ACTIVITY:
Without any pictures, the records below should be reproduced exactly.

⟨

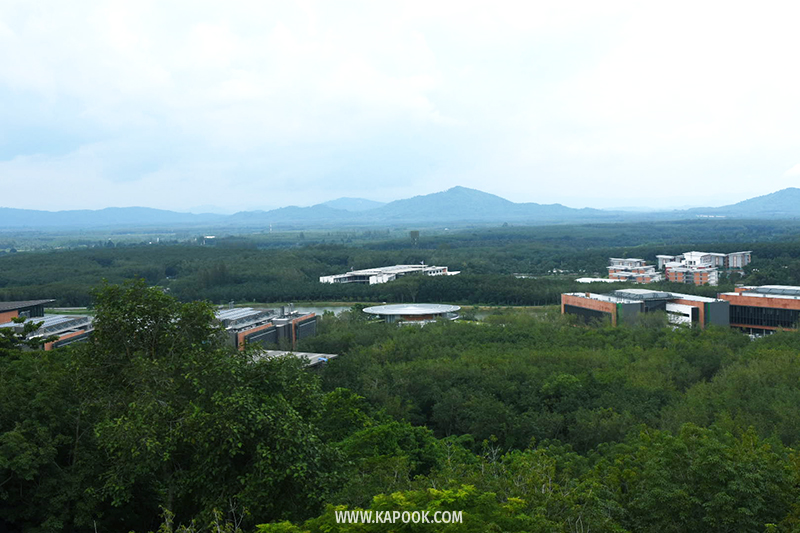 ป่าวังจันทร์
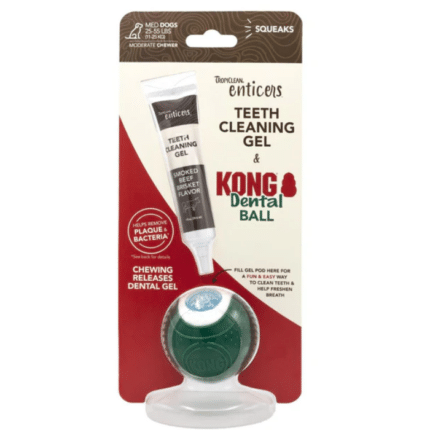 Kong Kit Pelota Dental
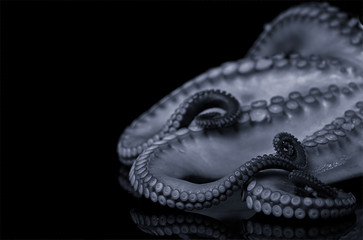 octopus tentacle seafood fresh cooking © sko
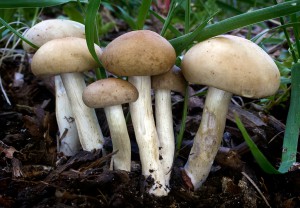 polnicka-rana--agrocybe-praecox-.jpg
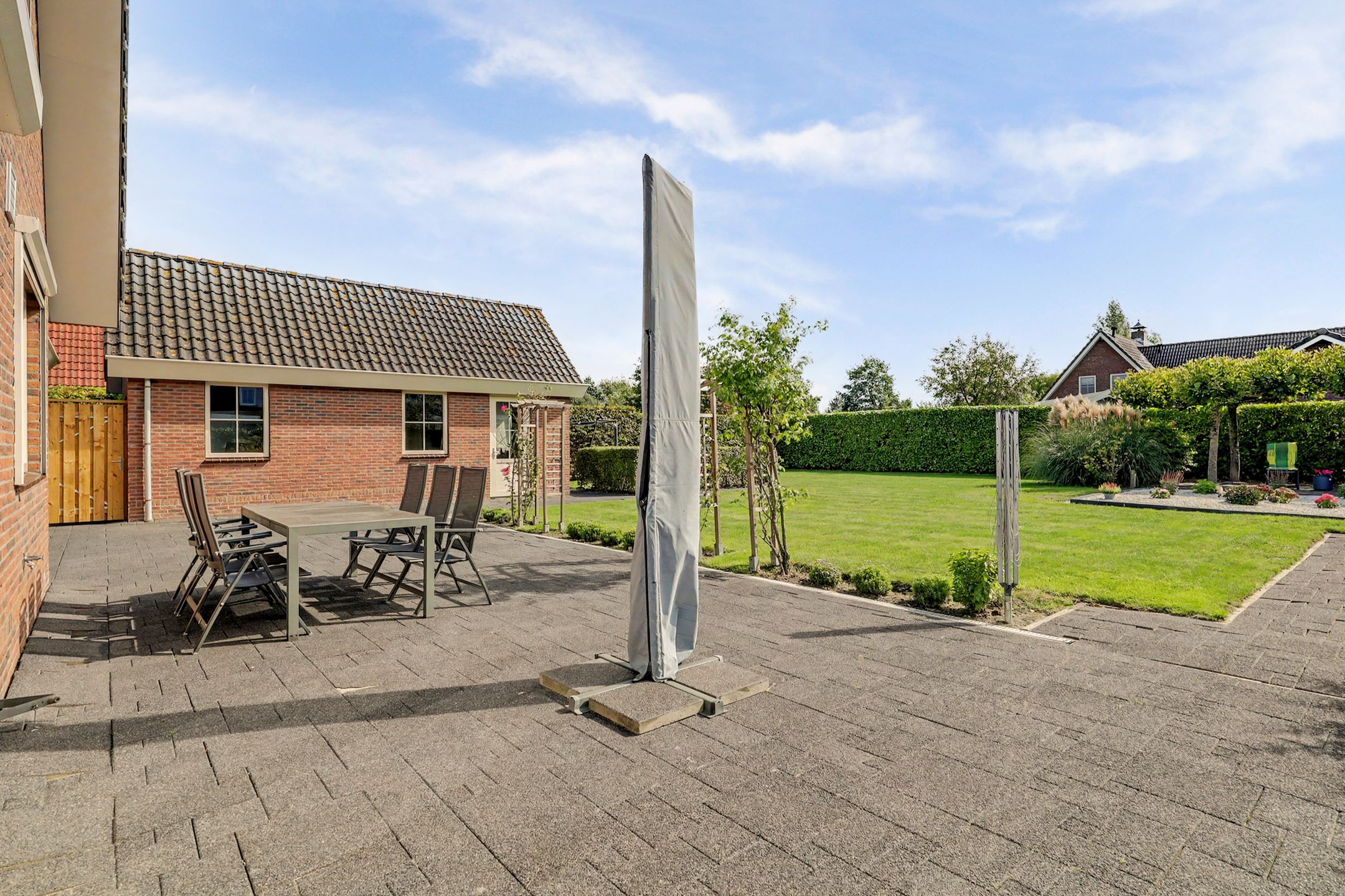 Foto 42 van Teunisbloem 2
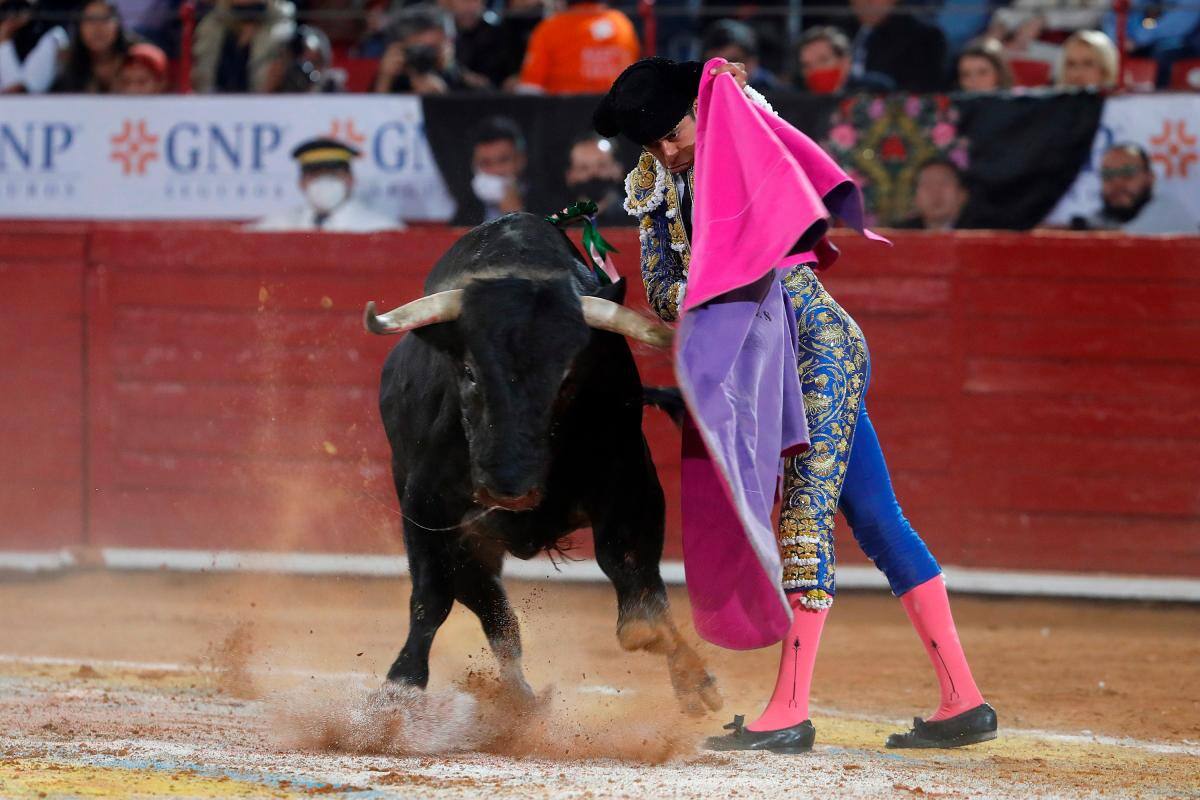 Muere un hombre tras ser corneado en una fiesta popular taurina en España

⟩

RESULT:
 ป่าวังจันทร์
 Kong Kit Pelota Dental
 octopus tentacle seafood fresh cooking © sko
 polnicka-rana--agrocybe-praecox-.jpg
 Foto 42 van Teunisbloem 2
 Muere un hombre tras ser corneado en una fiesta popular taurina en España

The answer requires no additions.